> WHAT THIS TASK INVOLVES:
Return each record unchanged and drop the images.

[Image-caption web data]

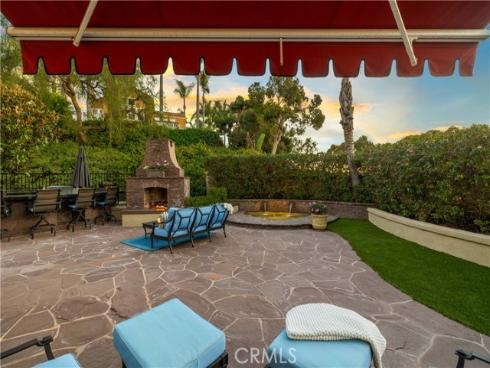 21  Bernay  , Laguna Niguel, CA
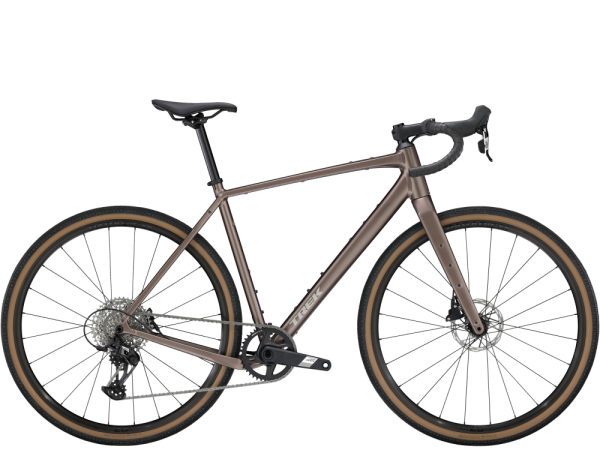 Trek Checkpoint ALR 5 ML Bronze Age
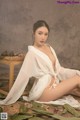 UGIRLS T041: Various Models (61 pictures)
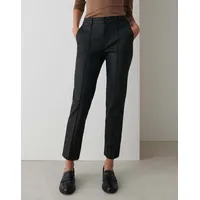 Opus Hose Ebbi in schwarz | Gr.: 42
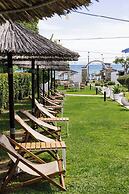 Georgalas Sun Beach Resort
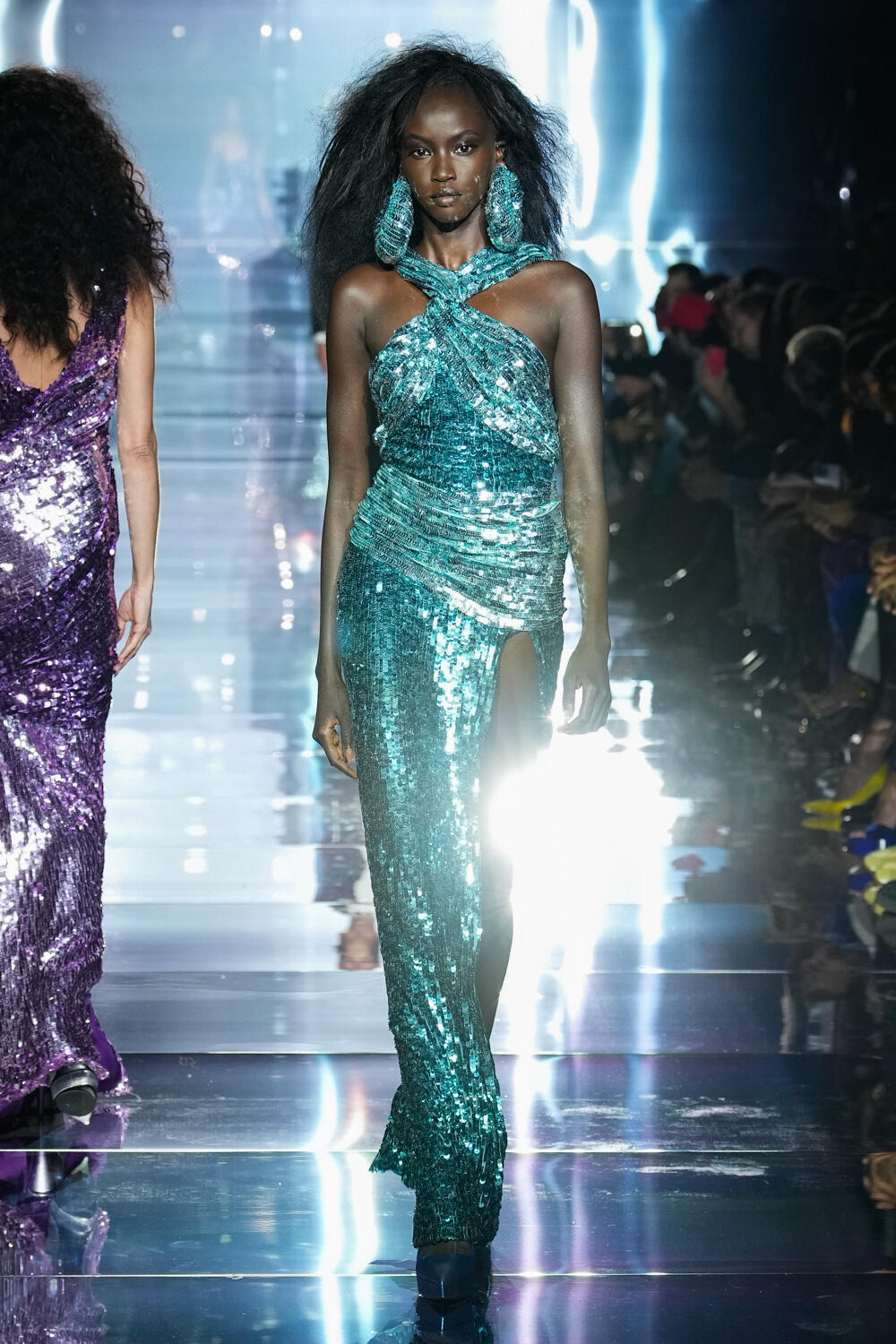 Look 42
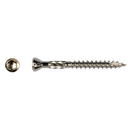 HARDHOUTSCHROEF VZK-T25 Ø5.0X70 C2 - 200ST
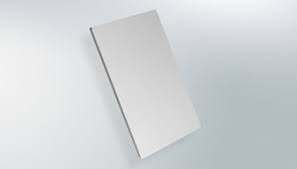 CARTELLO ALL. CM. 50X35 MULTISCRITTE P/GARAGE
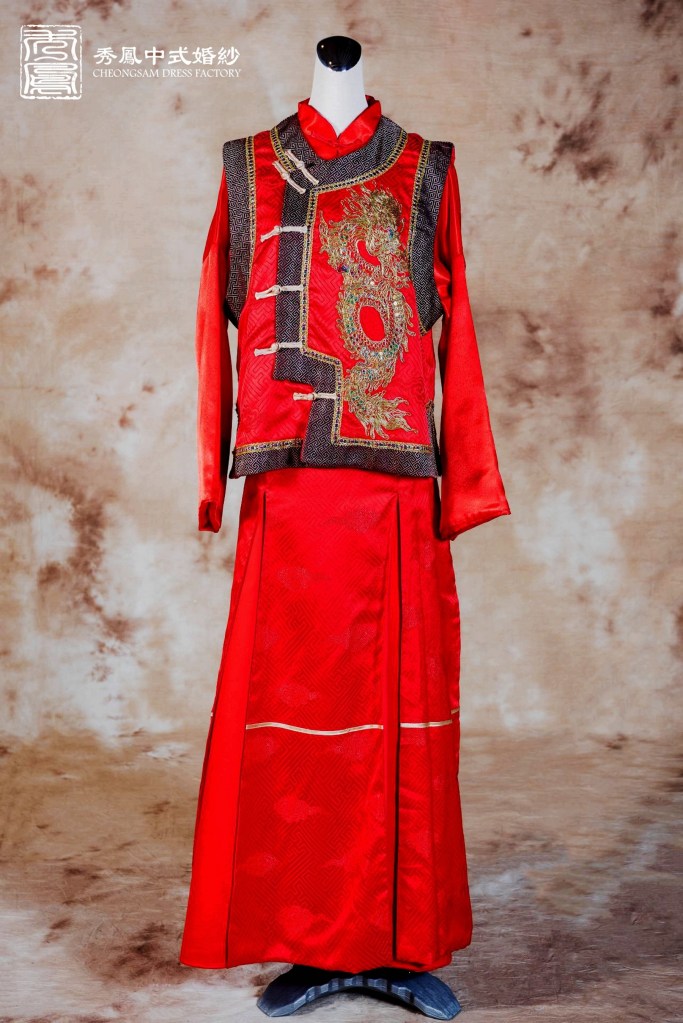 中式禮服,中式秀禾服,中式龍鳳褂,中式婚紗,中式婚紗推薦,龍鳳褂推薦,中式禮服出租,中式婚紗訂製,秀禾服出租,龍鳳褂款式,秀禾服,龍鳳褂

> EXERCISE RESULT:
 21  Bernay  , Laguna Niguel, CA
 Trek Checkpoint ALR 5 ML Bronze Age
 UGIRLS T041: Various Models (61 pictures)
 Opus Hose Ebbi in schwarz | Gr.: 42
 Georgalas Sun Beach Resort
 Look 42
 HARDHOUTSCHROEF VZK-T25 Ø5.0X70 C2 - 200ST
 CARTELLO ALL. CM. 50X35 MULTISCRITTE P/GARAGE
 中式禮服,中式秀禾服,中式龍鳳褂,中式婚紗,中式婚紗推薦,龍鳳褂推薦,中式禮服出租,中式婚紗訂製,秀禾服出租,龍鳳褂款式,秀禾服,龍鳳褂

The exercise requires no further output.